People assume because it’s not competitive that periodization isn’t important, but that’s a major misunderstanding. In fact, it’s a huge mistake! It’s one of the biggest mistakes and it’s causing SO many people to have subpar results or not achieve results at all; rather just spin their wheels wondering why all their hard work doesn’t pay off.
Periodization is the process of planning and manipulating variables over time in order to achieve a specific result. That’s all. In other words, it’s just planning and adjusting a diet as time goes on.
The purpose of doing this is to not only achieve better results, because the human body and metabolism are very dynamic elements – therefore a completely linear approach is highly unlikely to work long term, but also in order to sustain the result longer after it’s achieved, phase between goals and the needs of your body, reduce some of the metabolic adaptations and consequences that arise from dieting, and ensure that your psychological health is managed properly throughout the diet.
Because this is my 3rd article on this topic (I’ve also shot a video, recorded 3 podcasts, and created probably 97 IG posts regarding the topic), I wanted to create an article regarding my updated stance or position. This is not to say that those previous articles were incorrect by any means, but there has been so much more research done on the topic of diet breaks, refeeds, diet phases, and more, that we know twice as much about nutrition periodization at this point.

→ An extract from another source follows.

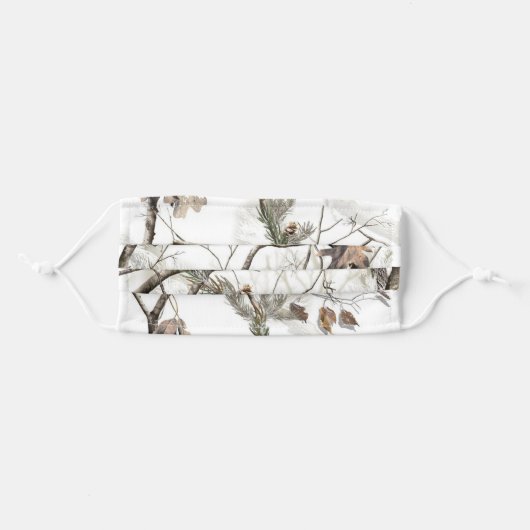 Winter Camo Adult Cloth Face Mask (Front, Folded)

Add to that, our team has grown to hold 6 nutritionists and 2 interns (coaches in training) and has coached 1,000+ of people over the last few years. With that, comes a lot of experience and anecdotes. So yes, science has updated and I will be referencing a lot of it… but part of being evidence based doesn’t solely mean looking at research and applying it exactly how it was examined, it means understanding the research, considering it into your practice, and screening it’s application alongside your own personal coaching experience.

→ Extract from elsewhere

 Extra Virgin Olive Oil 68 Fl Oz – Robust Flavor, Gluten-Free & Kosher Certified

When working with REAL people, studies are just one small part of the equation.
It’s hard to study an individual, but it’s very easy to study averages. But averages don’t paint the whole picture. Again, this doesn’t mean that studies don’t matter – studies set the path in motion and give you concrete direction, we need them. But with experience, you learn more about human interactions, connections, psychological differences, hormonal changes, adherence and consistency, and more…
Ok, I think I’ve set the stage for what this article is going to be, now. I’m 600 words in, so I better start giving you some ACTUAL coaching applications.
We’re going to cover a few things today:
Long Term Periodization (12-18 Months) |
Diet Breaks and Refeeds |
Short Term Periodization (1-4 Weeks) |
Periodizing For Life/Social Events |
Application: How Should You Periodize? |
LONG TERM PERIODIZATION (12-18 Months)
The main thing to map out here is your long-term goals and the phases of your diet that fall within the path to getting there. Meaning, if your goal is to have more muscle and less fat – it’s not likely that you’re going to have a straight shot there, simultaneously building muscle and burning fat. It’s almost impossible. Rather, it’ll take phases of dieting where you’re cutting, gaining, and maintaining.
If your ultimate goal is fat loss and you could care less about being jacked, just want to lose weight – it gets a little easier, but still requires phases of dieting because you cannot linearly follow a deficit for months on end. You’ll burn out, wreck your body, and psychologically burn out from the process as well.
I’m a big graph person, so let me show you what I mean inside a graph:
That shows a 5 month diet with a couple weeks at the end to just hang out down there, make sure that your new weight and body fat percentage are there to stay.
Then we take an immediate bump up in your calories to start the reverse diet, but in a way that is more geared towards a recovery diet. This is a faster paced reverse that gets you out of the deficit by a good amount, right away. The reason we prefer this is because the longer you stay in that lower calorie diet, the more likely you are to suffer from the variety of diet fatigue symptoms that could pop up and occur. So let’s get you out asap and get you to the bottom of that maintenance range (big key there – i.e. maintenance is a range, not a static number, which means we need to bring you right up to your new predicted maintenance but only to the bottom of that range, to avoid weight regain).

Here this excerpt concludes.